TASK BRIEF: Please restate word for word the lines of the entries below from the one with "Серый Тойота РАВ" to the one with "Building Photo - Beautiful", inclusive, and leave out every picture.

SOURCE MATERIAL:
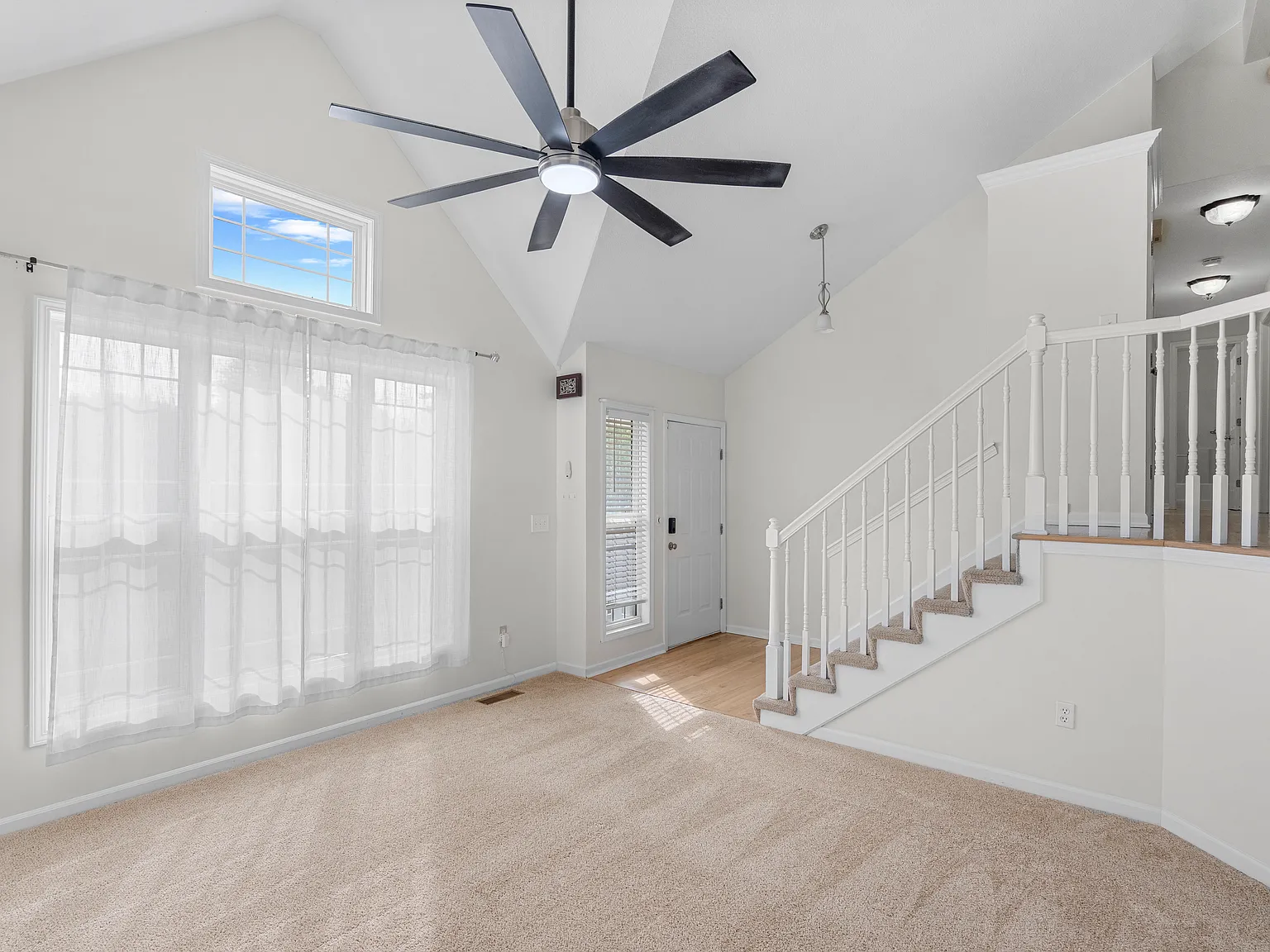 3 bed, 2.5 bath, 1967 sqft, $2,450 — Photo 3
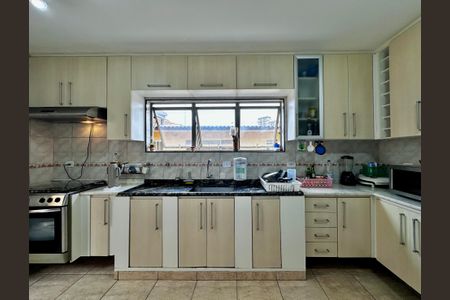 Casa à venda com 190m², 2 quartos e 1 vaga Casa à venda com 190m², 2 quartos e 1 vagaCozinha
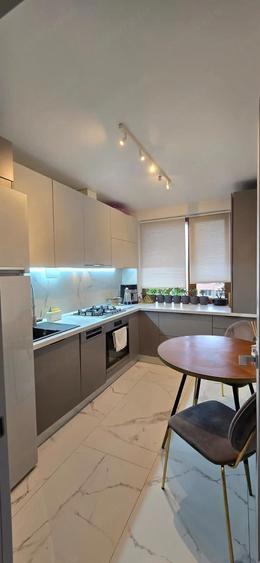 Apartament 2 - camere proaspat renovat - 4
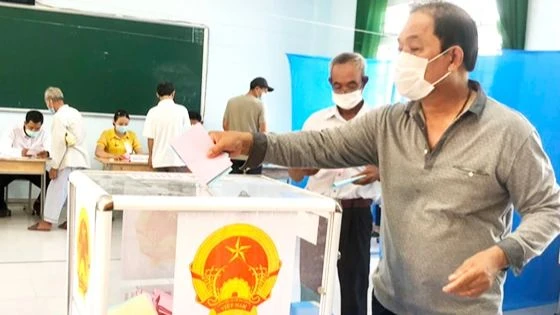 Ảnh minh họa: Cử tri huyện đảo Lý Sơn (Quảng Ngãi) đi bầu cử. (Ảnh: HIỂN CỪ)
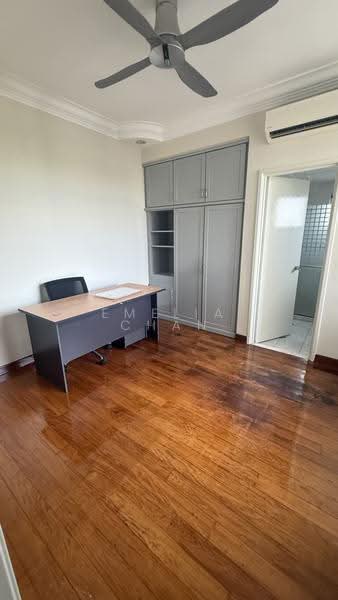 Kondominium untuk Disewa di Bungaraya Condominium - Emelia Chan - Study - PropertyGuru.com.my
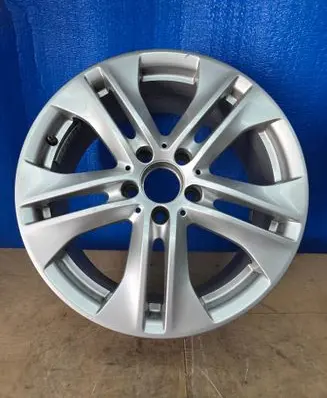 Mercedes-Benz E W212 R17 alloy rim A2124010902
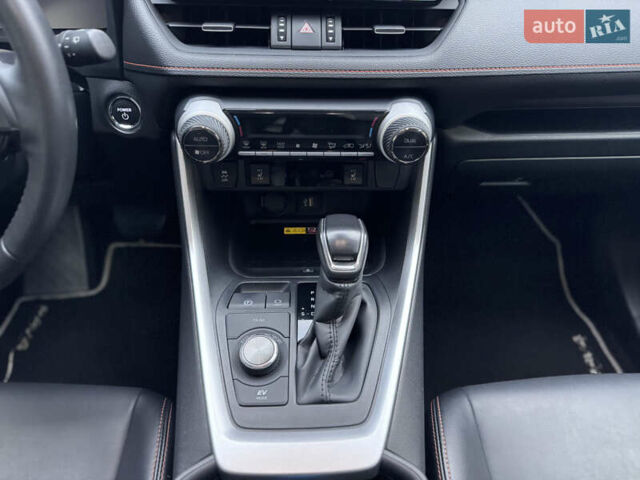 Серый Тойота РАВ 4, объемом двигателя 2.49 л и пробегом 34 тыс. км за 43900 $, фото 31 на Automoto.ua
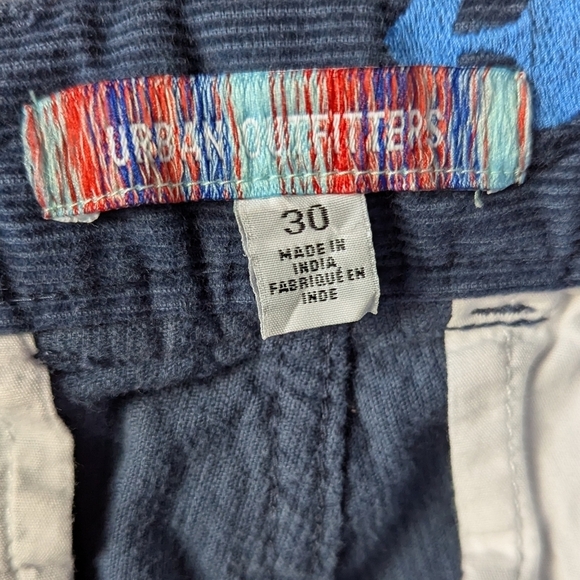 Urban Outfitters Dark Blue Corduroy Alien Embroidered Pants Size 30 - Picture 6 of 9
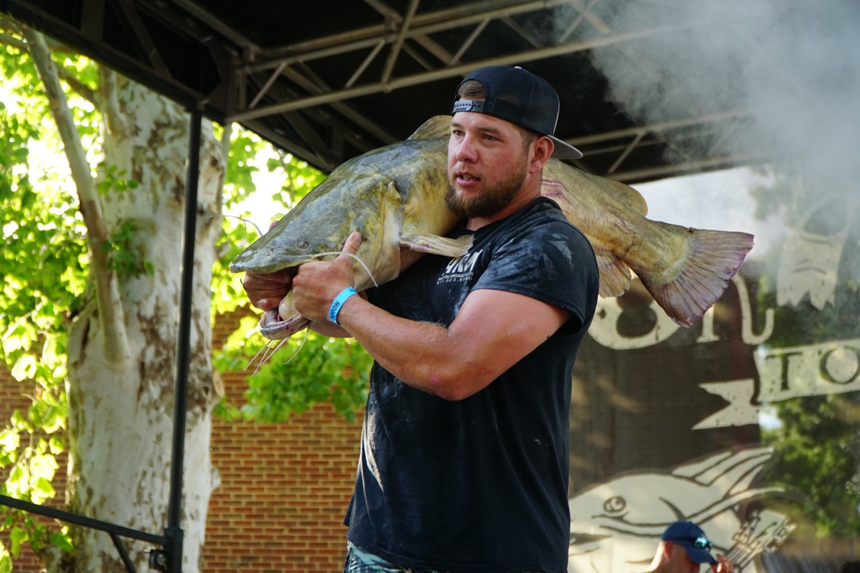 For Okies, Catfish Noodling Is a Family Affair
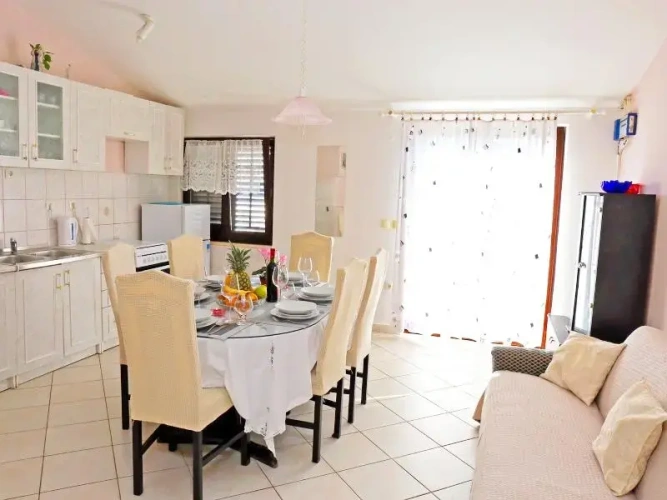 1 Bedroom Apartment with balcony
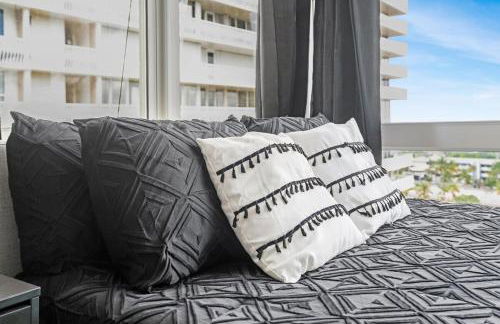 Relaxing Beach Escape - Oceanfront Pool and Tiki - Foto 25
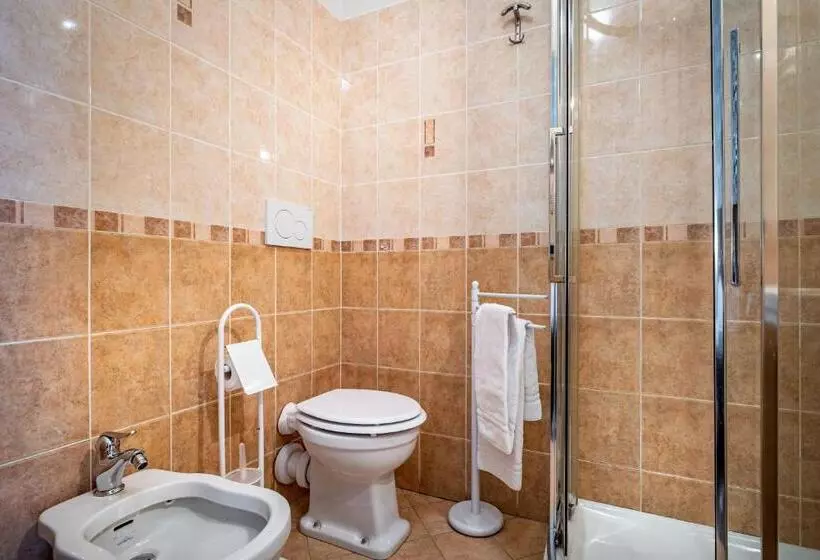 Fotos del hotel Ghirlandaio Florence:  5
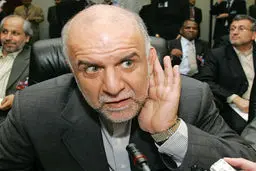 آقای زنگنه! لطفا حرف نزنید تا نفت گران شود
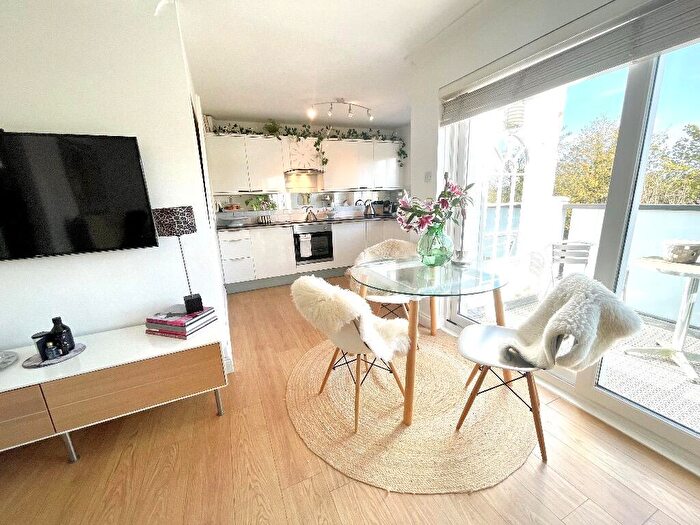 2 Bedroom Flat To Rent In Letham Court, Newlands, Glasgow, G43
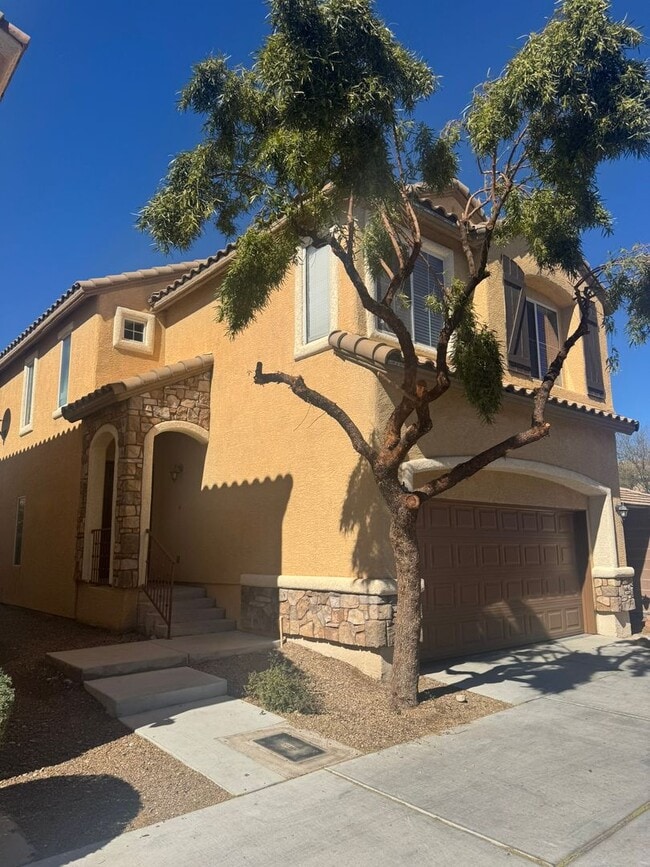 Building Photo - Beautiful two-story home located in Henderson featuring 3 bedrooms and 2.5 bathrooms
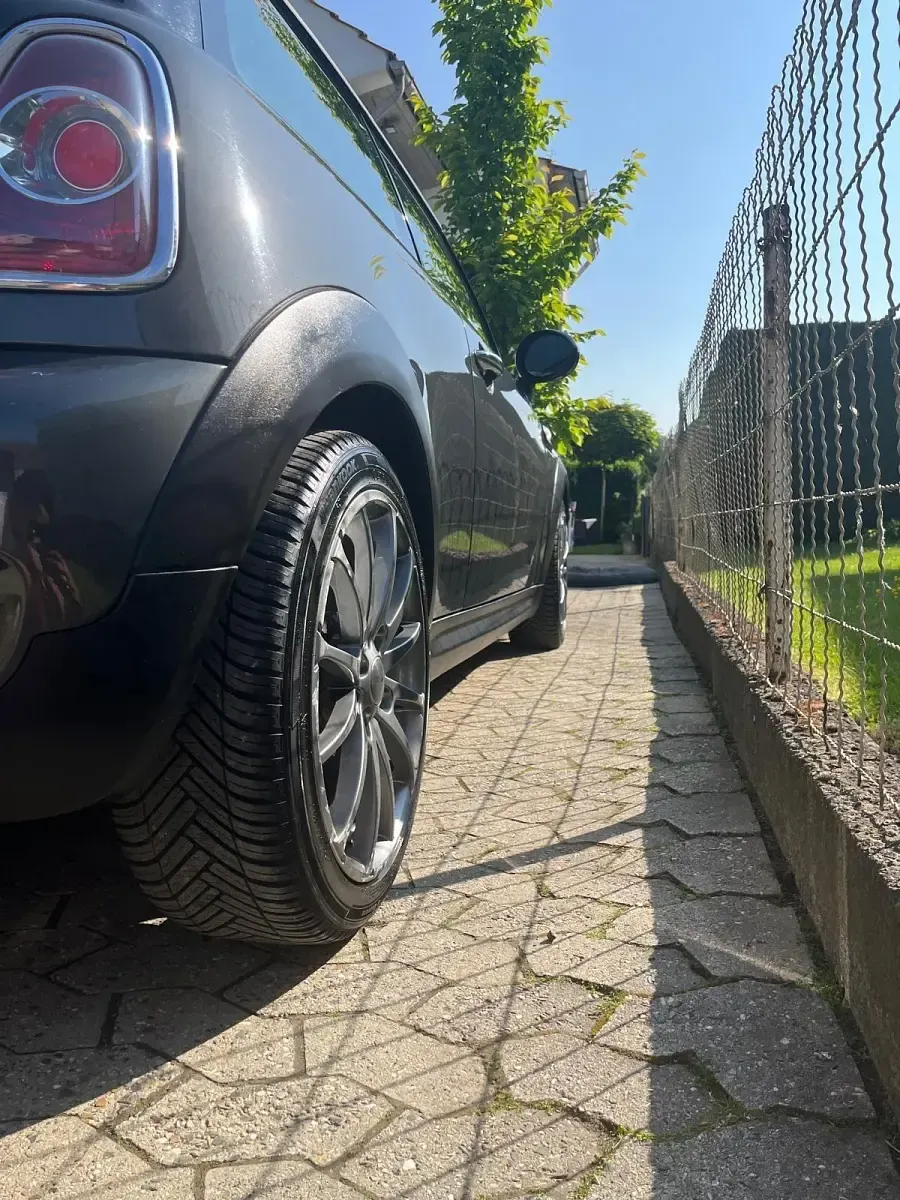 Gebraucht Mini John Cooper Works 211 PS (155 kW) 2010 Grau Kleinwagen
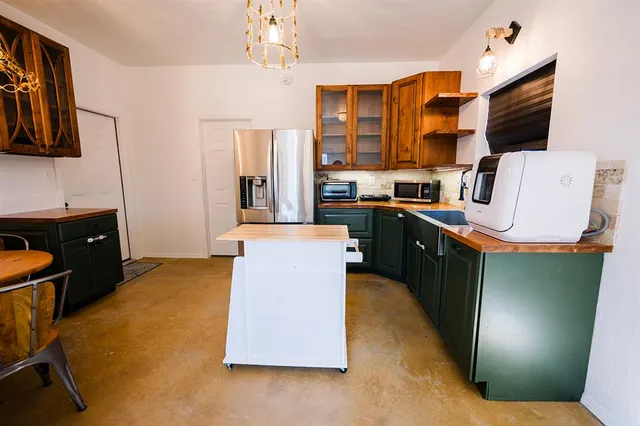 Photo 7 — 19601 N County Road 3160, Elmore City, OK 73433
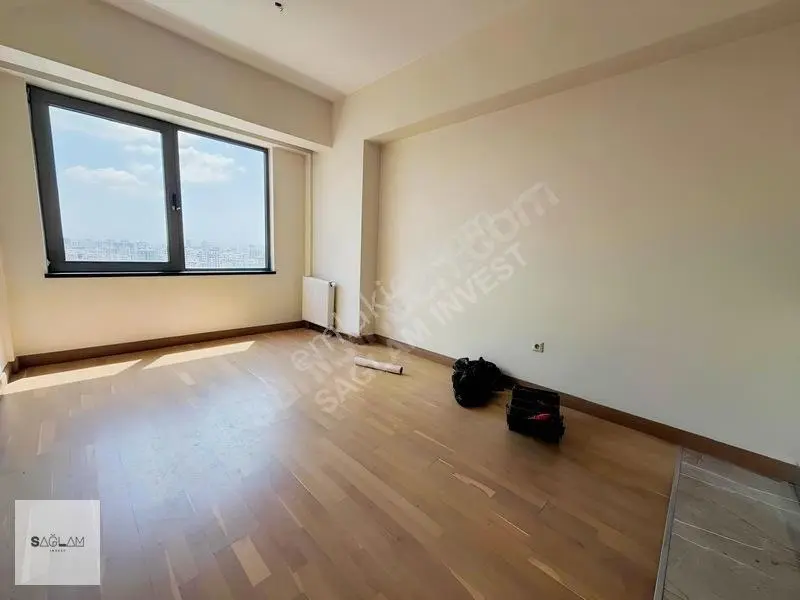 Brooklyn Park'ta 1+1 Havuza Cephe Fırsat Daire — fotoğraf 3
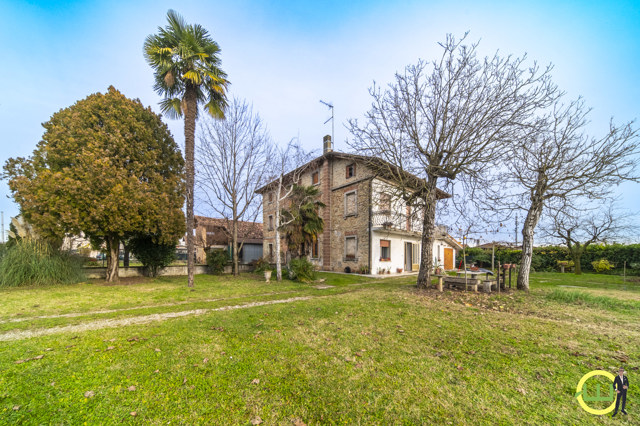 Media numero 1 di STORICA CASA ACCOSTATA CON TRE CAMERE, GARAGE E GIARDINO A POCENIA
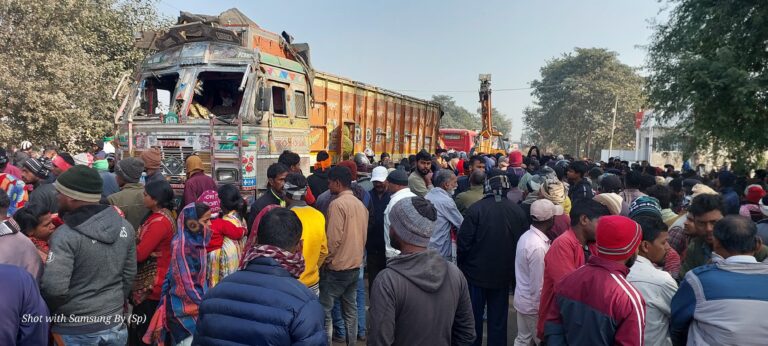 रामगढ़ के गोला में सड़क दुर्घटना में तीन बच्चे समेत चार की मौत और एक दर्जन घायल, ग्रामीणों ने ट्रक ड्राइवर को पीटा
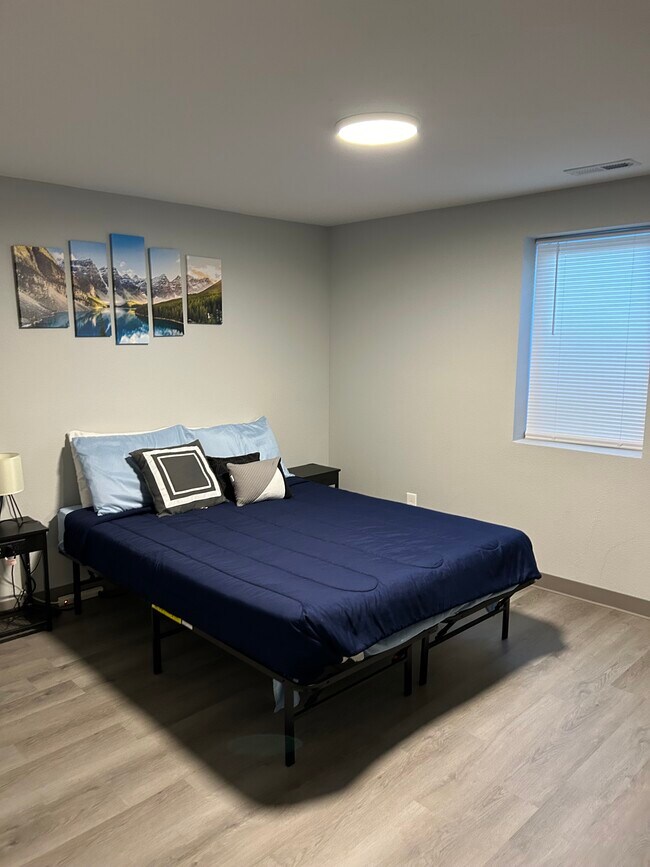 Master Bedroom Furnished - 3410 N Cascade Ave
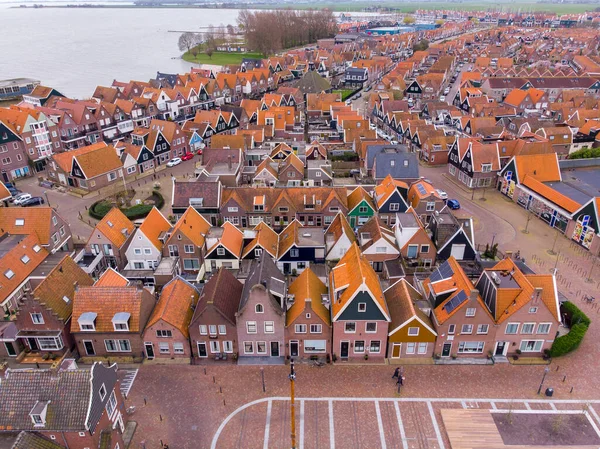 Luchtfoto van de typisch Nederlandse huizen in Volendam met de typische lijnen van huizen en straat met haven. Volendam is een populaire toeristische plaats in Nederland — Stockfoto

RESULT FOR THIS EXERCISE:
 Серый Тойота РАВ 4, объемом двигателя 2.49 л и пробегом 34 тыс. км за 43900 $, фото 31 на Automoto.ua
 Urban Outfitters Dark Blue Corduroy Alien Embroidered Pants Size 30 - Picture 6 of 9
 For Okies, Catfish Noodling Is a Family Affair
 1 Bedroom Apartment with balcony
 Relaxing Beach Escape - Oceanfront Pool and Tiki - Foto 25
 Fotos del hotel Ghirlandaio Florence:  5
 آقای زنگنه! لطفا حرف نزنید تا نفت گران شود
 2 Bedroom Flat To Rent In Letham Court, Newlands, Glasgow, G43
 Building Photo - Beautiful two-story home located in Henderson featuring 3 bedrooms and 2.5 bathrooms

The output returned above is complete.